Keep 'em off the streets? You must be joking

Thursday, November 5, 2009

Although it's good to be appreciated, I never feel comfortable when I'm praised for "keeping young people off the streets".

And it's not just local residents and parents who say it. Recently, when I met a group of young people to help them with a youth opportunity fund bid and it came to the section where they had to justify their project idea, the old phrase "it'll keep us off the streets" was trotted out again. It's what young people think we adults want to hear.

That's pretty sad. The streets are a public space and young people have a right to be there. It's an issue of democracy and community.

The streets are where most of us played as children and met our friends. As adults, the streets are where we meet our neighbours. The streets can also be a place of protest, a place to show strength.

Most of my work takes place directly on the streets, and never has the aim of getting people indoors. Sure, sometimes we decide to go on trips or do something in a building for a while.

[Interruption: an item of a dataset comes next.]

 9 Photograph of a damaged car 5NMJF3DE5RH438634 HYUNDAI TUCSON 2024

But by engaging in bus stop conversations or joining in a kick-about, I may unintentionally keep people on the streets for longer than they had intended.

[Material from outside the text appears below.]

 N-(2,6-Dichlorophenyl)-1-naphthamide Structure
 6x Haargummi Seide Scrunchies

I'm not pretending the streets are always safe. Traffic is the biggest threat, killing far more young people than gun or knife crime. But there's a contradiction where local authorities promote a "cafe culture" with pedestrian-friendly squares and all-night coffee bars, while sending police out to the same areas to take young people home.

So perhaps we should question this common view. Why should young people stay indoors? Why does their outdoor time need to be organised? Do we prefer them to be sitting in front of a computer game? Have we even moved on from the Victorian view that "children should be seen and not heard"?

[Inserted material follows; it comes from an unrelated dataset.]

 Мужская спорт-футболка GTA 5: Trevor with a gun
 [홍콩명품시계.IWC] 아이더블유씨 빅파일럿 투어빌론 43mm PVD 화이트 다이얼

Perhaps it is an issue of economics. As adults, we are encouraged to be outdoors if we are spending money at cafes, bars or market stalls. Less profitable street activities such as busking face increasing legislation. Young people have little disposable income and they are tolerated on the streets only for about as long as it takes to eat a bag of chips.

The Federation for Detached Youth Work will explore these issues at its annual conference this month, asking whether "a vibrant, populated street, where people accept a generalised responsibility for the socialisation of each other, is safer, better, a place of real community". I look forward to the debate.